Exactly as they appear below, repeat the lines from the one with "Mirror's Edge Catalyst" through the one with "포스코,계열사,그룹,위해,인사,승진,주요,개편,인도". Drop every picture.

• [INFORMATION GIVEN]
============
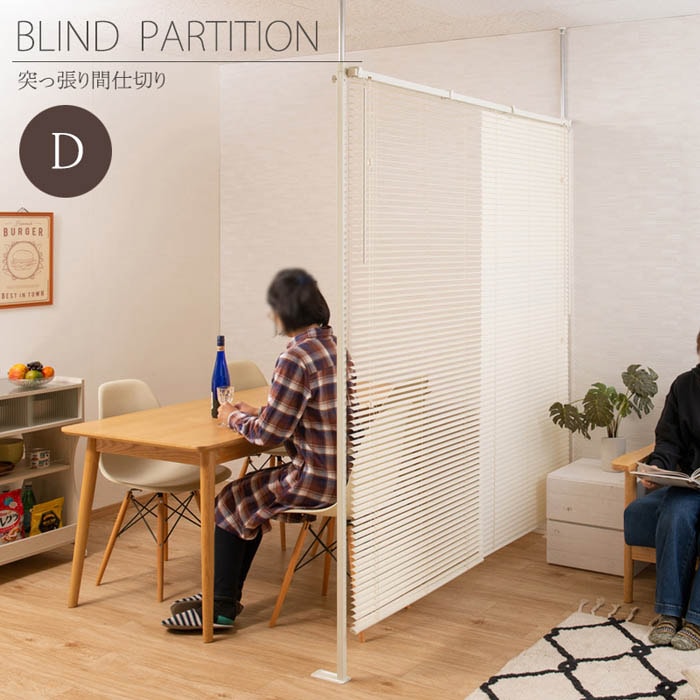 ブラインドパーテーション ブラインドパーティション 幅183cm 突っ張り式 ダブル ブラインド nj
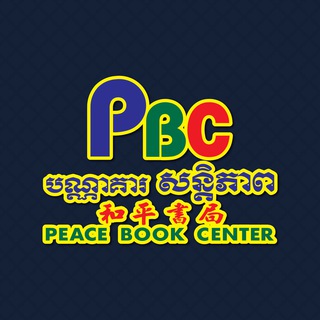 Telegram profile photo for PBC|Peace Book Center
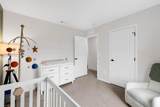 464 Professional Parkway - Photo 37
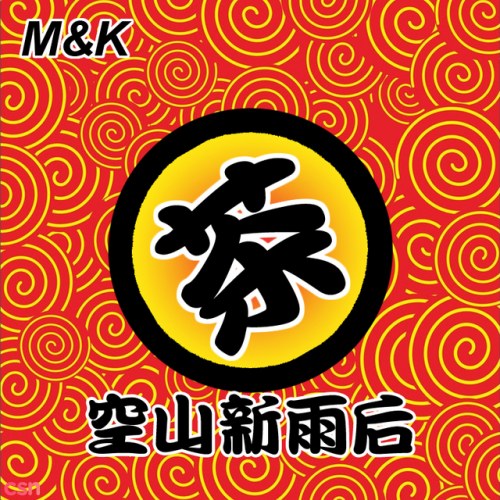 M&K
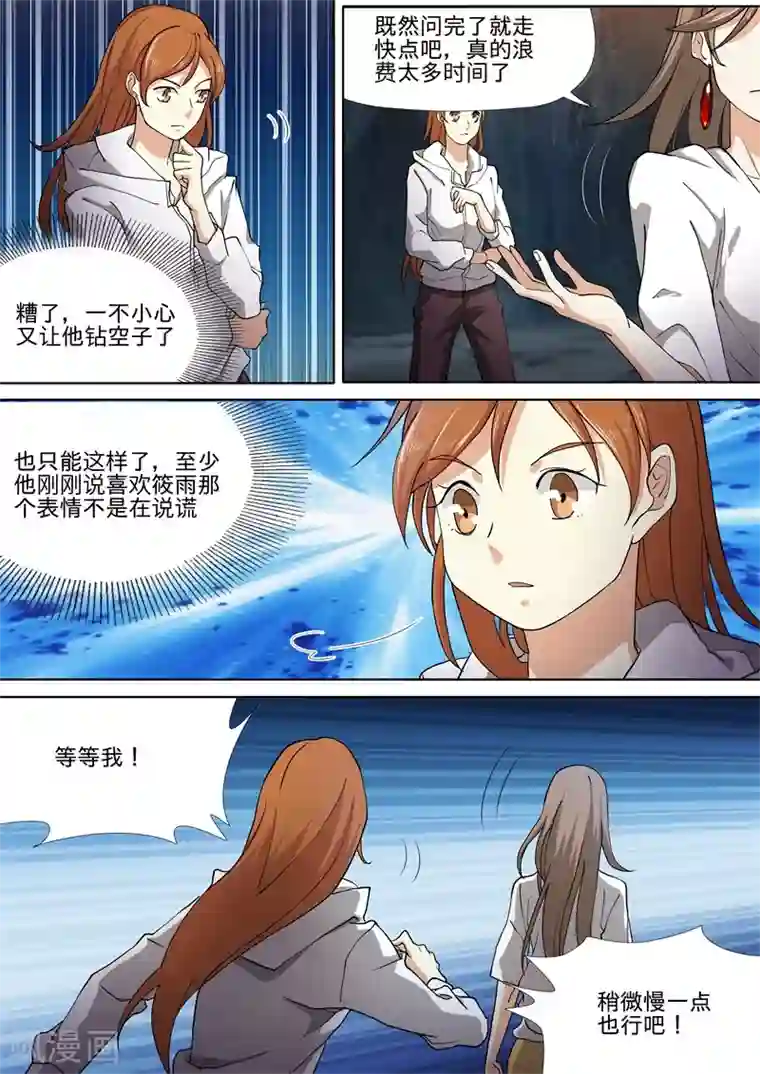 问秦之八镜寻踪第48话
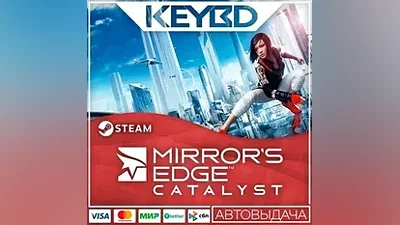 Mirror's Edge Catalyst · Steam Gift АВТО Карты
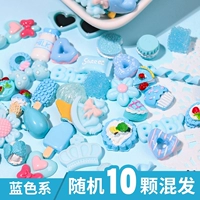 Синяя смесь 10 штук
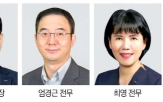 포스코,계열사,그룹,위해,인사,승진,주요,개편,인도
============
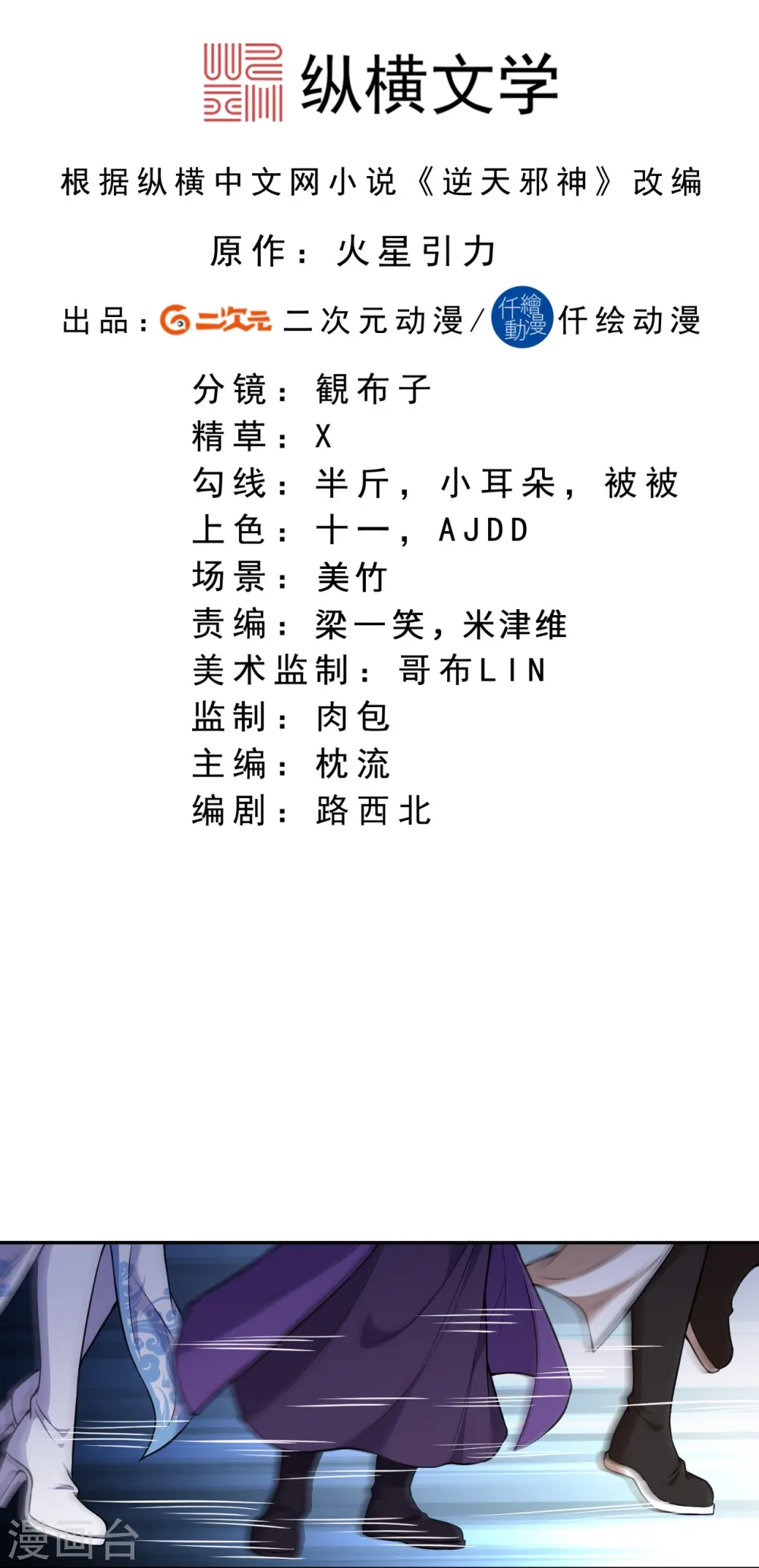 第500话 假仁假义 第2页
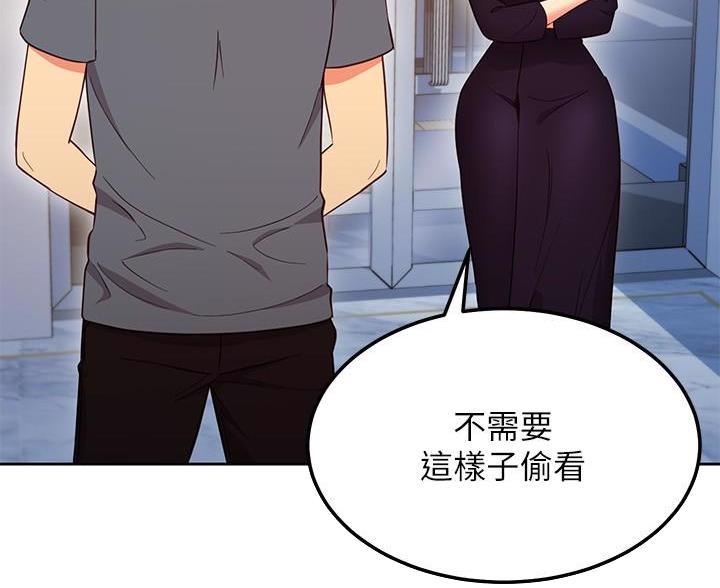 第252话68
============
• [ANSWER TO THE EXERCISE]
 Mirror's Edge Catalyst · Steam Gift АВТО Карты
 Синяя смесь 10 штук
 포스코,계열사,그룹,위해,인사,승진,주요,개편,인도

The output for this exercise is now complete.